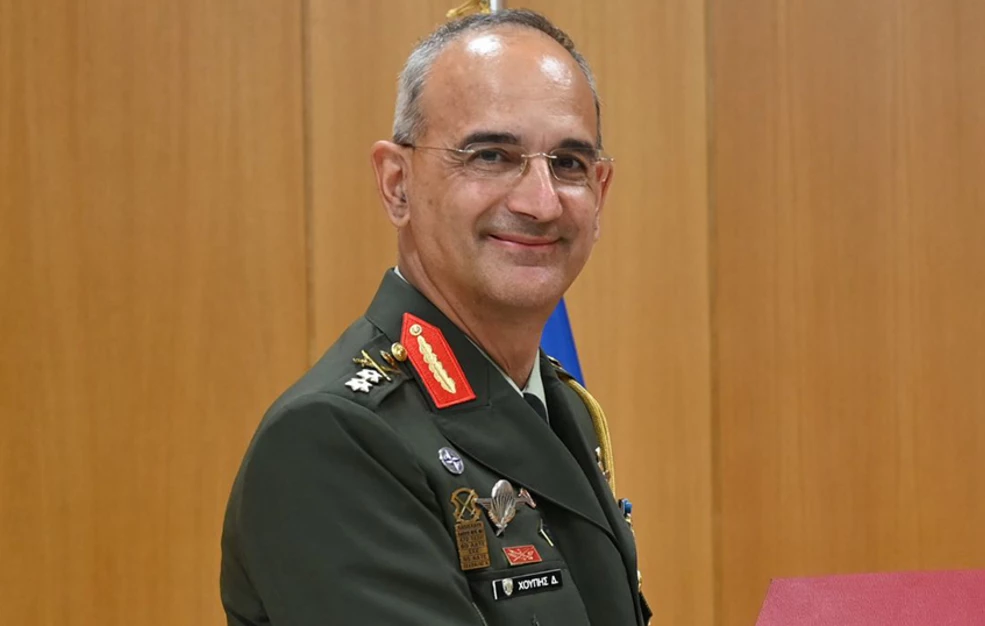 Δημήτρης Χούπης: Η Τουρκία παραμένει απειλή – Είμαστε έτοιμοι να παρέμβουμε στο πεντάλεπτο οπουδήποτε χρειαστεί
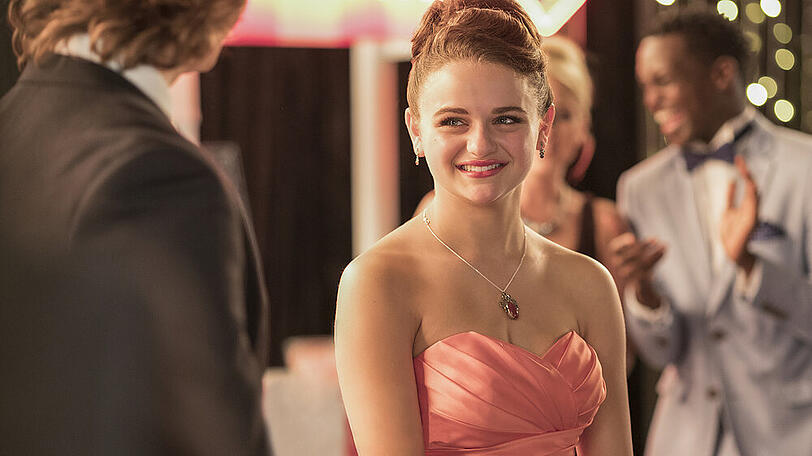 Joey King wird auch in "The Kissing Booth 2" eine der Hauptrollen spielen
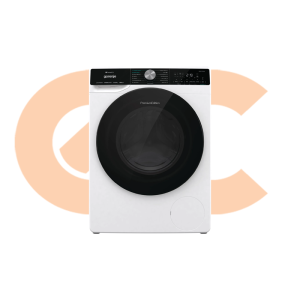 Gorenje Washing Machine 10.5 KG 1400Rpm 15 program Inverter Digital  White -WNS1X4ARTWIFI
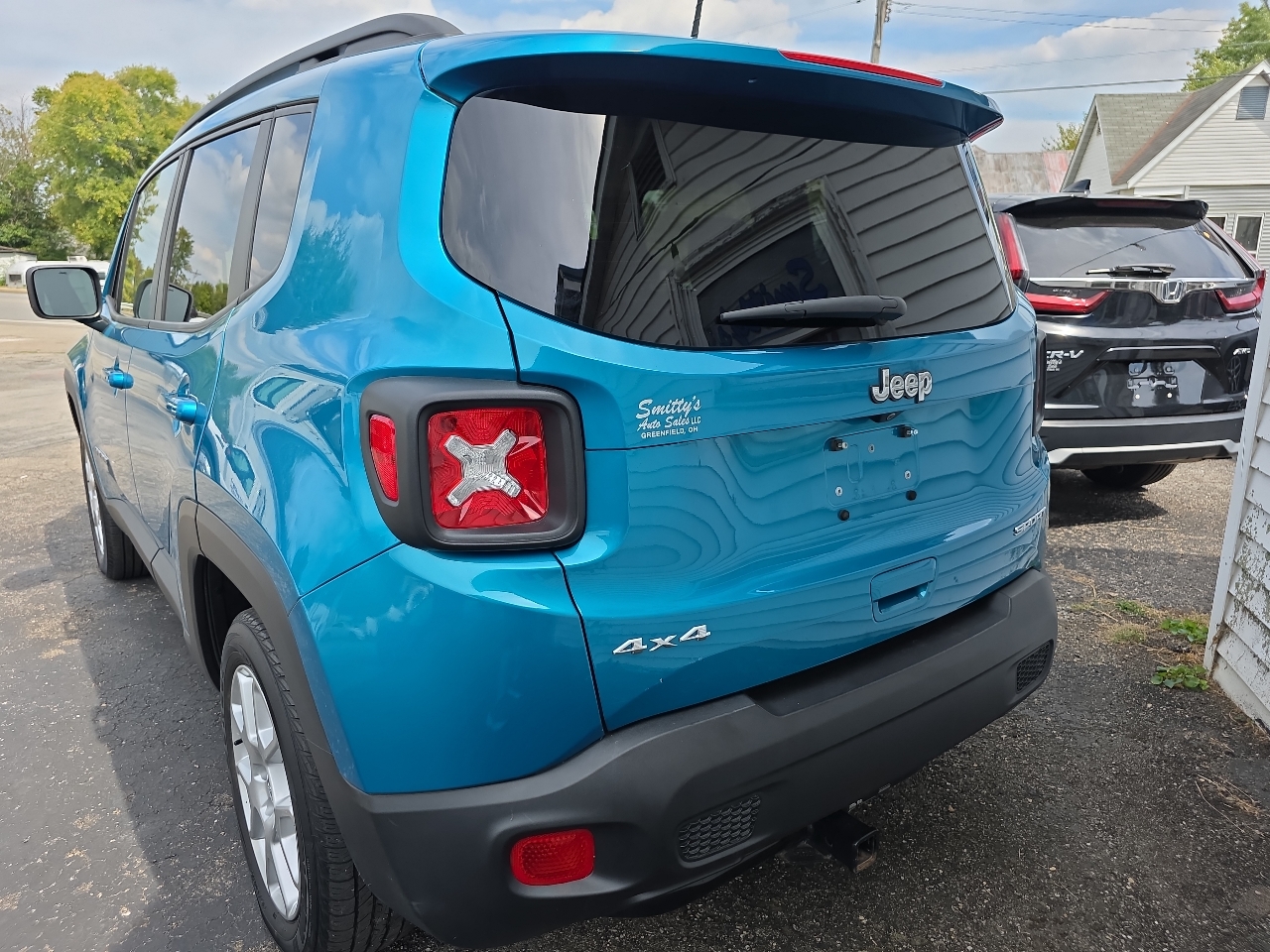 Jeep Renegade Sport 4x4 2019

How to complete this task
Set down all of the material word for word, but keep each picture out.

Task result
 Δημήτρης Χούπης: Η Τουρκία παραμένει απειλή – Είμαστε έτοιμοι να παρέμβουμε στο πεντάλεπτο οπουδήποτε χρειαστεί
 Joey King wird auch in "The Kissing Booth 2" eine der Hauptrollen spielen
 Gorenje Washing Machine 10.5 KG 1400Rpm 15 program Inverter Digital  White -WNS1X4ARTWIFI
 Jeep Renegade Sport 4x4 2019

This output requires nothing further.